Jamba Dunn profile picture

Jamba Dunn

I am here for Friends and Networking

About Me

Fossil 23 by yours truly was just released on Black Lodge Press. Copies are $14 ($12 + $2 shipping in the US; if overseas I'll have to check with the local post). Send me an email.
In the early 1990s, I shared a brief correspondence with Allen Ginsberg. I was homeless at the time and longed to be a writer. I had moved to the Big Sur region of California following the death of Richard Brautigan (I was driven by the reckless lifestyle in A Confederate General from Big Sur), and became connected with Allan through a piece I had published in Coffeehouse Poets' Quarterly.
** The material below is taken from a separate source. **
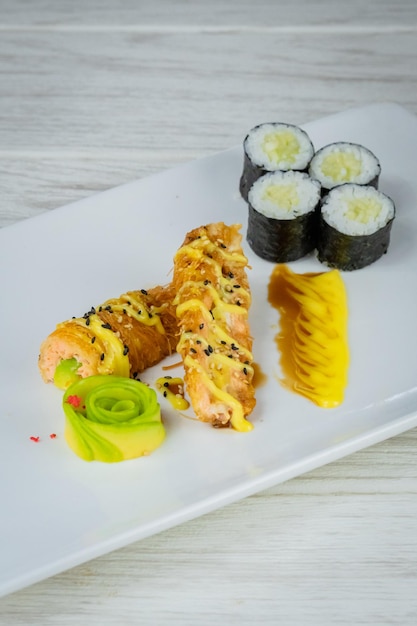 Sushi au saumon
He hated the piece and offered suggestions out of kindness. One suggestion was to come and study with him at Naropa University (then Naropa Institute).
At the time, I was living at the local campground and on the school lawn and had my mail delivered to a friend's house in Cambria. The prospect of attending class with Allen was everything I ever wanted. Due largely to his encouragement, I decided to return to school and make my way to Naropa.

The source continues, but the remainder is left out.